━━━ Data ━━━
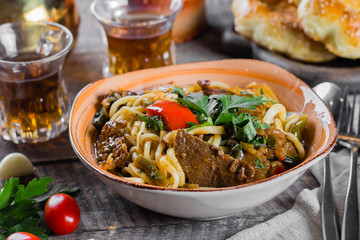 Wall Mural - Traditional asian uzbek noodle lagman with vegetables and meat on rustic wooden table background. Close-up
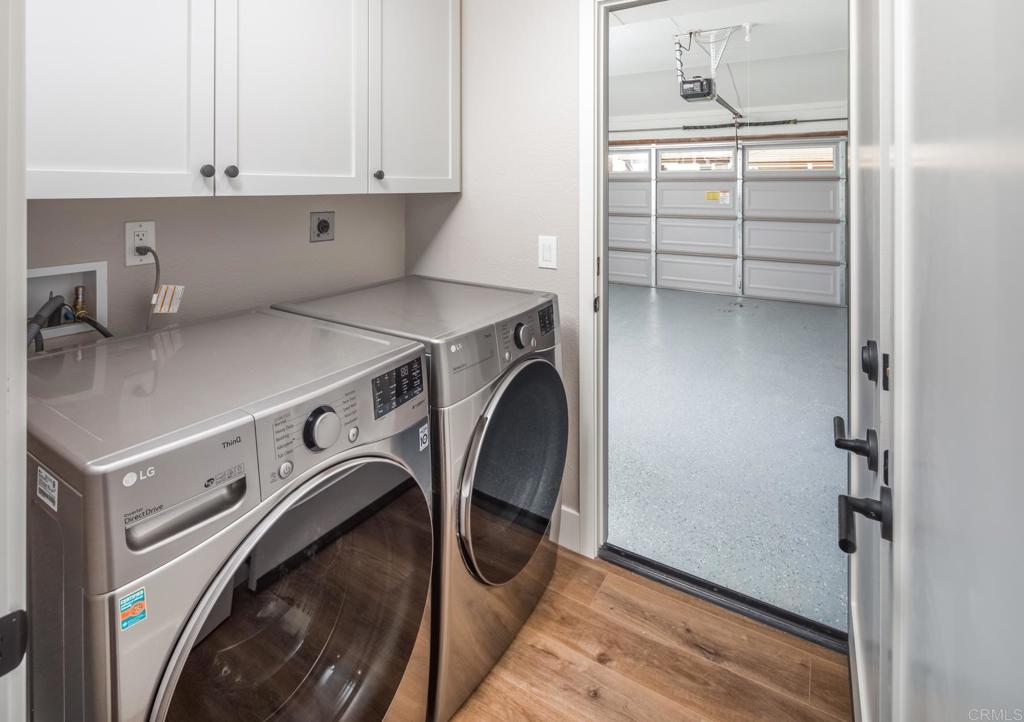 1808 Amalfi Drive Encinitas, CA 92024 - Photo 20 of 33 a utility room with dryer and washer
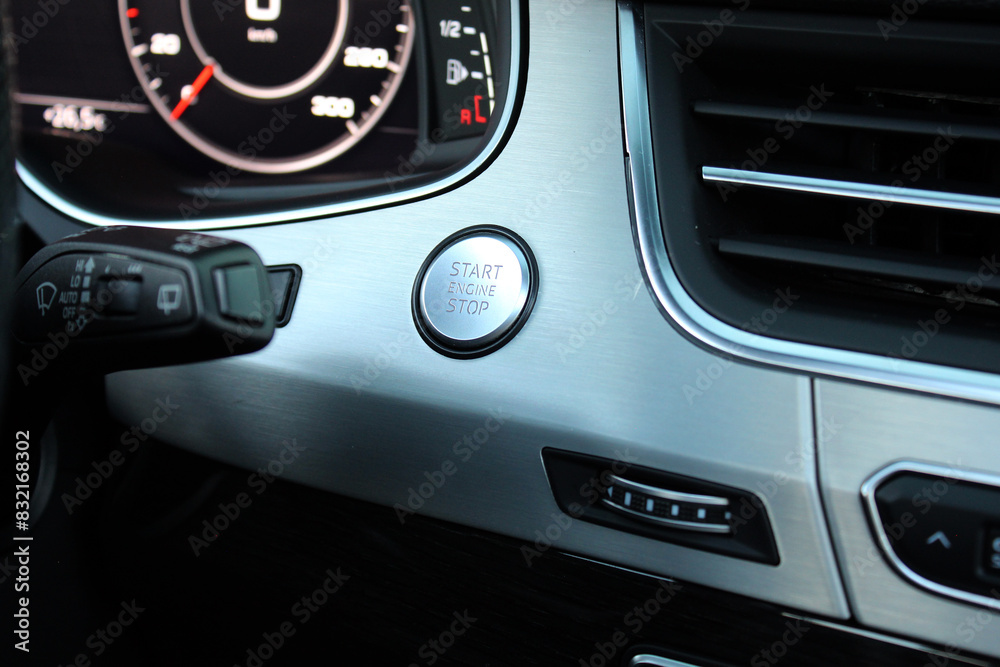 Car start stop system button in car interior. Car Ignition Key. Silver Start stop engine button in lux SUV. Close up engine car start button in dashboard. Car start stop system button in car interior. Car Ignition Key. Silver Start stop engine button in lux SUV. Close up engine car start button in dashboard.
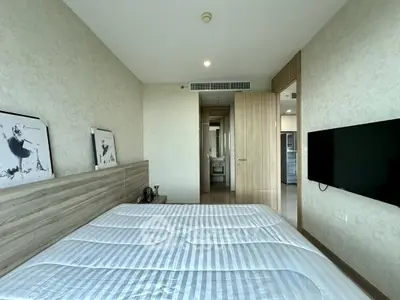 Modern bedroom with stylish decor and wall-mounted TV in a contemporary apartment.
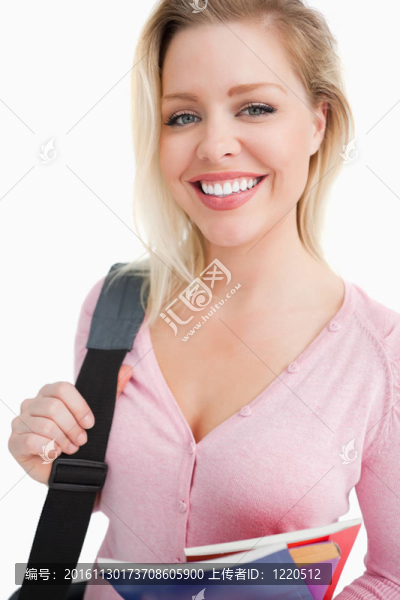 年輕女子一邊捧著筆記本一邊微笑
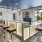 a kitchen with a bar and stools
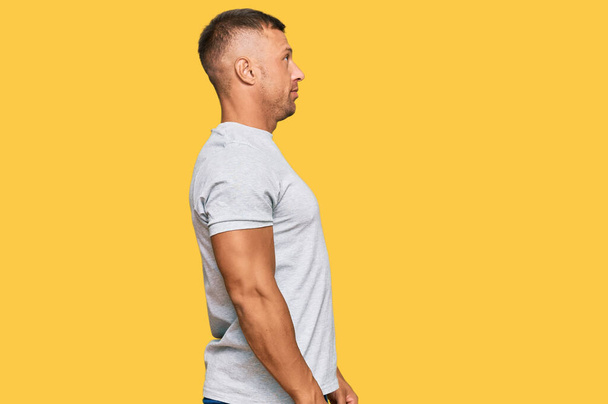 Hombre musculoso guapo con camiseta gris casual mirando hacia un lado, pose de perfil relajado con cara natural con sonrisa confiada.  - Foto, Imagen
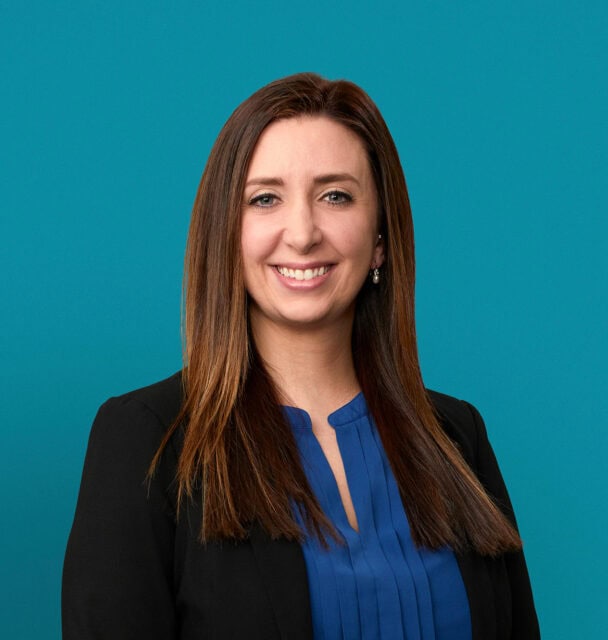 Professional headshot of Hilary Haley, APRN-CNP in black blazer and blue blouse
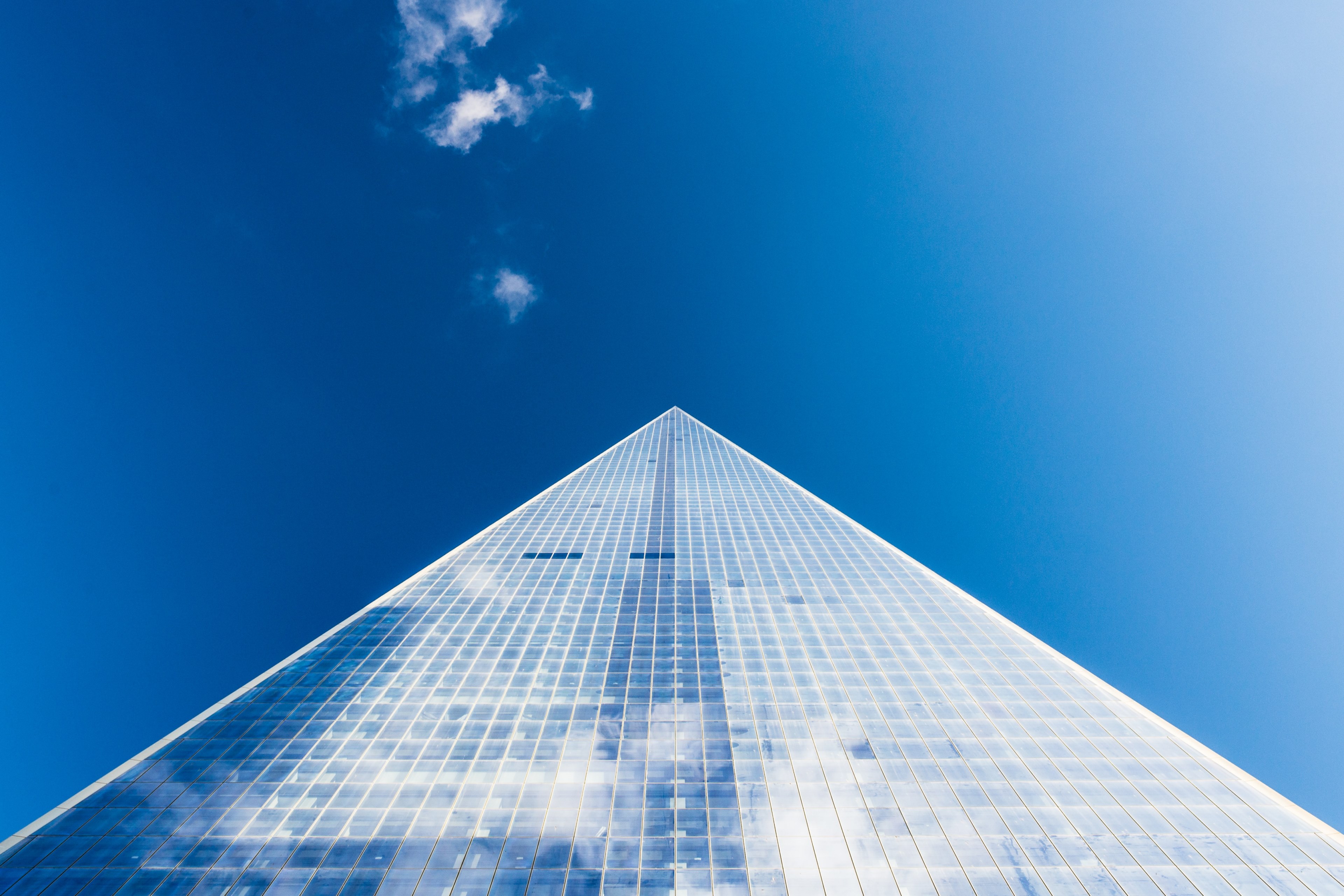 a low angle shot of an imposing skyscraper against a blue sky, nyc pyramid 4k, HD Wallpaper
━━━
Exercise –
The records above should be written out in full and unchanged, except that pictures are dropped.

Answer section –
 Wall Mural - Traditional asian uzbek noodle lagman with vegetables and meat on rustic wooden table background. Close-up
 1808 Amalfi Drive Encinitas, CA 92024 - Photo 20 of 33 a utility room with dryer and washer
 Car start stop system button in car interior. Car Ignition Key. Silver Start stop engine button in lux SUV. Close up engine car start button in dashboard. Car start stop system button in car interior. Car Ignition Key. Silver Start stop engine button in lux SUV. Close up engine car start button in dashboard.
 Modern bedroom with stylish decor and wall-mounted TV in a contemporary apartment.
 年輕女子一邊捧著筆記本一邊微笑
 a kitchen with a bar and stools
 Hombre musculoso guapo con camiseta gris casual mirando hacia un lado, pose de perfil relajado con cara natural con sonrisa confiada.  - Foto, Imagen
 Professional headshot of Hilary Haley, APRN-CNP in black blazer and blue blouse
 a low angle shot of an imposing skyscraper against a blue sky, nyc pyramid 4k, HD Wallpaper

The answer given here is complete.